A seminar titled “Toward an Efficient and Sustainable Micro Insurance Market: The Regulatory Perspective” was presented at the conference room of InM on 12 April 2009, by Professor Syed Moinul Ahsan of the Department of Economics, Concordia University, Canada, also a Visiting Scholar, Institute of Microfinance (InM). The paper of the seminar was written by Professor Ahsan and Mr. Subhashish Barua, Project Economist, InM.
In the very onset of his presentation Professor Ahsan upheld the necessity of regulatory body in the microcredit and microinsurance sectors of Bangladesh. He observed that microcredit though did not face much difficulty to develop, but micro insurance is struggling to take the root. The apprehension of the poor about insurance owing to their lack of awareness and capital is the main reason attributed to it.
“Protecting the policy holders and fostering market innovations are the primary goals of a regulatory regime in the insurance context,” he observed, while referring regulation to a set of formal guidelines which are legally binding on regulatees and for which there is a functioning supervisory authority. Professor Ahsan in this context explained the ‘to be role’ of regulation in the sector.
He vividly depicted regulatory benchmarks. He categorized the regulation in two forms: formal and self-regulation, with his preference for the former.
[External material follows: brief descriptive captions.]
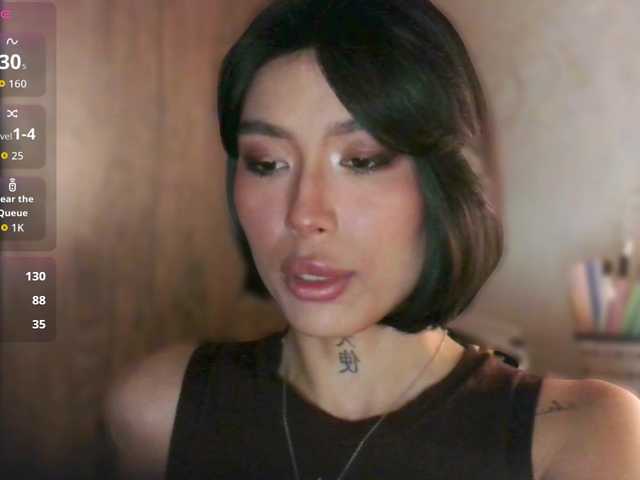 JulieTurner's BongaCams show and profile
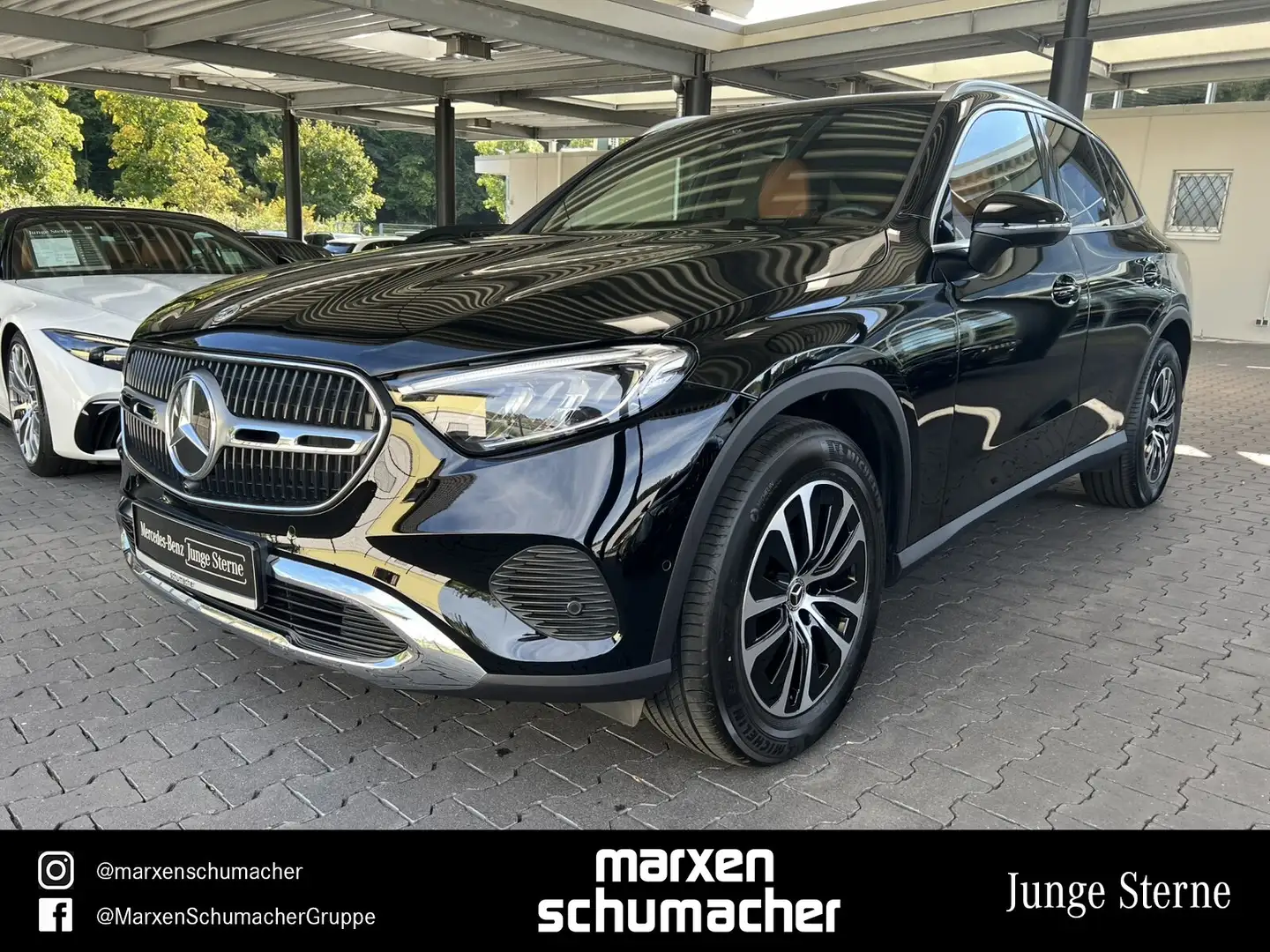 Mercedes-Benz GLC 300 GLC 300 d 4M AVANTGARDE Siena+AHK+Chrom+Kamera LED Noir - 1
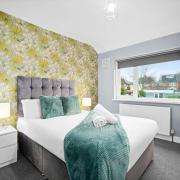 Three Bedroom House - Garden - Parking - Fast Wi-Fi 121JA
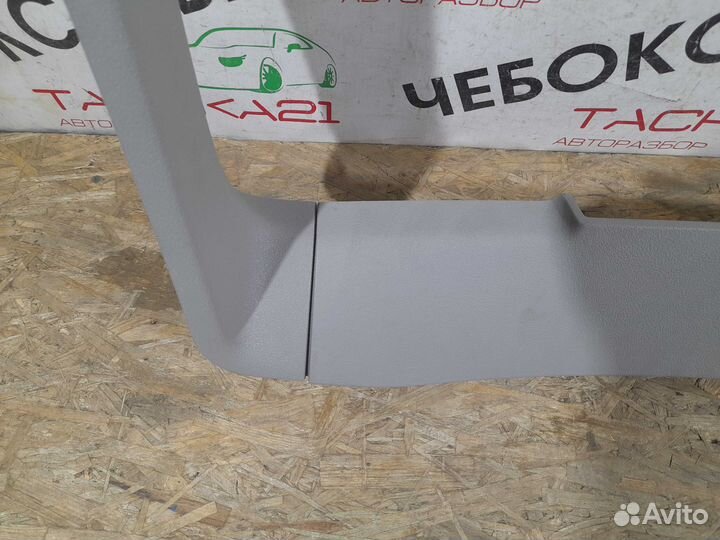 Обшивка крышки багажника BMW X4 F26 (2014-2018)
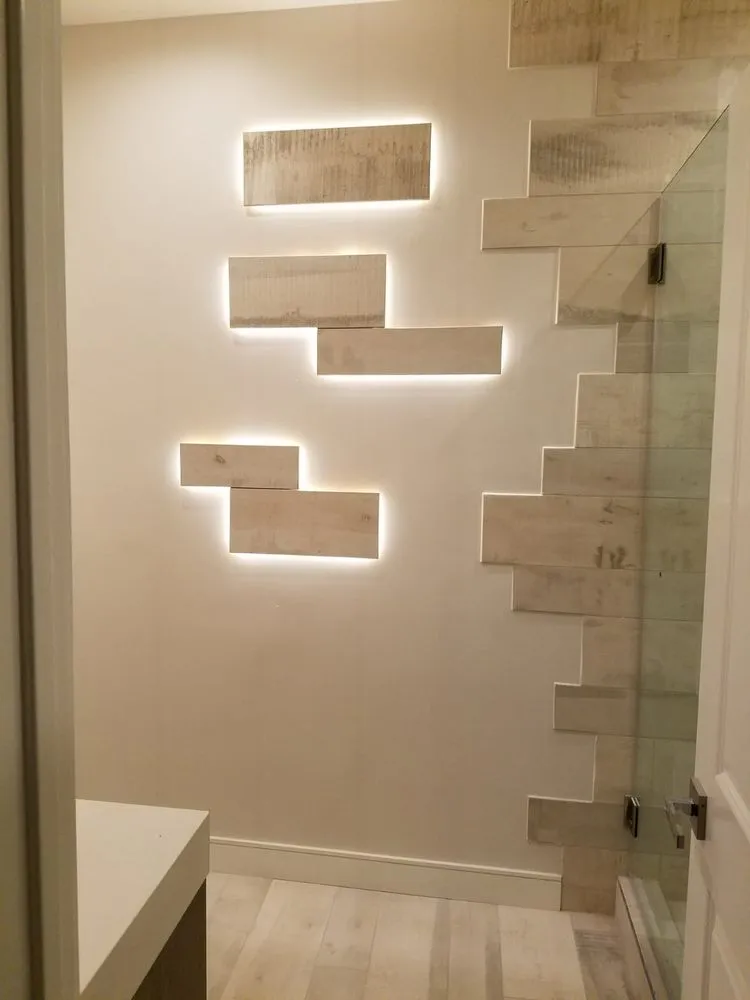 Certified electrician providing outlet and switch repair in Tarzana, CA - EL Electric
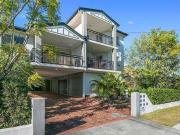 Affordable Unit in the Heart of Greenslopes City Views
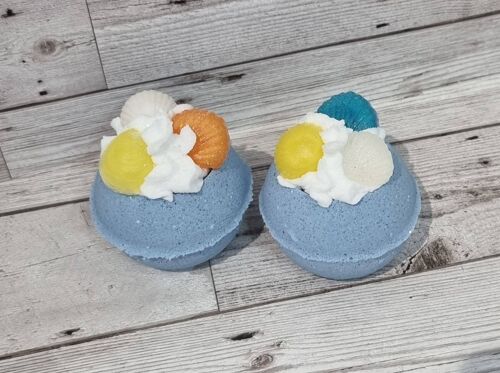 Seychelles (Assorted Colour shells) Whipped Top Bath Bomb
In terms of rigidity, he further categorized it in two other forms: prudential and non-prudential. He, however, told that insurance services may call for regulation and supervision, but not necessarily credit operations of the MFIs.
For effective regulation he upheld financial transparency, financial reporting standards, effective product design and reforms, cost-effectiveness and regulatory consensus; diversity of delivery channel, which call for “agnosticism in the organizational structure of micro insurance industry”; regulatory coordination; and sustainability and design of the subsidy regime.
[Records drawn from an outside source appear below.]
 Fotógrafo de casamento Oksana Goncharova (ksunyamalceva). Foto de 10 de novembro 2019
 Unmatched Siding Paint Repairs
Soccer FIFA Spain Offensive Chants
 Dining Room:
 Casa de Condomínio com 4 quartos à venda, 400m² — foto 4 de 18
Professor Ahsan provided a list of areas where micro insurance is active in the country to cover specific risks of the poor, the programs in most cases are implemented by the MFIs. In this context he mentioned the distinguishing features of between commercially driven insurance and pro-poor insurance operated by the MFIs.
While dwelling upon the regulatory framework in the country he said, “To date the regulation of the insurance industry in Bangladesh has largely been rudimentary. The new enactment replacing Insurance Act 1938 proved ineffective. The upcoming guidelines under consideration of the legislation, considers ‘insurance services of the MFIs as discretionary component.’
He proposed regulatory directives which include key goals of cost efficiency, financial viability and exclusivity. These include definition or workable interpretation of the concepts; simplicity of microinsurance products, criteria of the structure and products, eligibility for insurer, duration of coverage, life versus non-life products, institutional innovations, promoting exclusivity, guidelines to capital inadequacy, designing accumulation and investment of insurance fund, audit and supervision, and educating the regulator.
In the conclusion he, for a suitable regulatory framework, emphasized on the issue of balancing the rigor of formal regulation and supervision so that innovation is not inhibited, efficiency and sustainability of the market and consistency in regulatory guidelines are ensured.
In the open session the participants, which include the former president of Bangladesh Insurance Association, Md Rafiqul Islam, former Secretary and incumbent Janata Bank Chairman, Shohel Chowdhury, Mr. Mosharraf Hossain Khan, Deputy Managing Director of PKSF, Dr. Mohammad Abdul Latif, Director (Research & Knowledge Management), Md. Fazlul Kader, General Manager, PKSF, Dr. Mosleh Uddin Sadeque, Director (Training & Administration), InM raised various issues, such as actuary, the rate of premium, and the regulatory body. They all opined for formal regulation for the country’s microinsurance.
Professor Khalily, in his concluding remark stated that the MFIs, who were practicing microinsurance for the poor, would play an instrumental role in the development and consolidation of the sector. Any regulation for microinsurance has to be framed in consultation with them.